1291 -0.322111 0.037692 1 0.224486
1451 -0.124656 0.439562 1 0.224653
1202 -0.319037 0.034508 1 0.225697
1469 -0.126015 0.445464 1 0.229662
1442 -0.334085 0.035491 1 0.232666

275 rows × 4 columns

Getting the N "most/least representative" points for a cluster

There are a couple of wrapper methods to get the N points closest/furthest to the cluster center. All of these methods will return a dataframe with the index corresponding to the original data.
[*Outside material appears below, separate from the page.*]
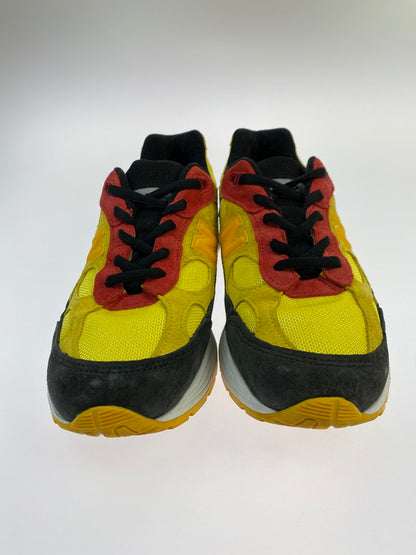 【中古品】【メンズ】 NEW BALANCE ニューバランス M992DM MADE IN USA ローカット スニーカー 靴 162-251203-kk-14-min カラー：YELLOW/RED 万代Net店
This makes it easy to merge back with your original data and enrich it with other features.


In [10]:
examples.get_closest_samples_for_cluster(2, n_samples=5)


Out[10]:
0 1 cluster dist_to_rep_point
1645 -0.164494 -0.036982 2 0.000000
1701 -0.161733 -0.039066 2 0.003460
1840 -0.164663 -0.042350 2 0.005371
1812 -0.158787 -0.035200 2 0.005979
1679 -0.165111 -0.030426 2 0.006585

In [11]:
examples.get_furthest_samples_for_cluster(2, n_samples=5)


Out[11]:
0 1 cluster dist_to_rep_point
1620 0.014810 0.119051 2 0.237690
1733 0.015830 0.119390 2 0.238682
1632 0.008484 0.129942 2 0.240385
1792 0.003510 0.135245 2 0.240598
1671 0.019809 0.118011 2 0.240812

We can get these points for all clusters and put them into a dataframe for plotting


In [12]:
close_samples = pd.DataFrame()
far_samples = pd.DataFrame()

for cluster in pd.unique(clusterer.labels_):
    if cluster >=0:
        close_samples = pd.concat([close_samples, examples.get_closest_samples_for_cluster(cluster)])
        far_samples = pd.concat([far_samples, examples.get_furthest_samples_for_cluster(cluster)])

In [13]:
close_samples.head()


Out[13]:
0 1 cluster dist_to_rep_point
5 -0.031930 -0.256859 5 0.000000
106 -0.032453 -0.258743 5 0.001956
116 -0.033843 -0.255187 5 0.002540
297 -0.026987 -0.260578 5 0.006185
28 -0.023922 -0.256170 5 0.008037

In [14]:
far_samples.head()


Out[14]:
0 1 cluster dist_to_rep_point
189 -0.238119 -0.253511 5 0.206217
160 -0.238388 -0.278419 5 0.207581
42 -0.244433 -0.252980 5 0.212539
146 -0.244435 -0.263221 5 0.212601
117 -0.262338 -0.275841 5 0.231189

Let's make the same plot from before but add black stars for the "most representative" points and blue X's for the "least representative" points


In [15]:
palette = sns.color_palette('deep', np.unique(labels).max() + 1)
colors = [palette[x] if x >= 0 else (0.0, 0.0, 0.0) for x in labels]

fig = plt.figure()
ax1 = fig.add_subplot(111)

ax1.scatter(data.T[0], data.T[1], c=colors, **plot_kwds)
ax1.scatter(close_samples['0'], close_samples['1'], s=40, marker='*', c=[(0.0,0.0,0.0)])
ax1.scatter(far_samples['0'], far_samples['1'], s=40, marker='x')

frame = plt.gca()
frame.axes.get_xaxis().set_visible(False)
frame.axes.get_yaxis().set_visible(False)


As you can see this does what we would expect. This is a fairly crude method but can be useful when doing exploratory data analysis.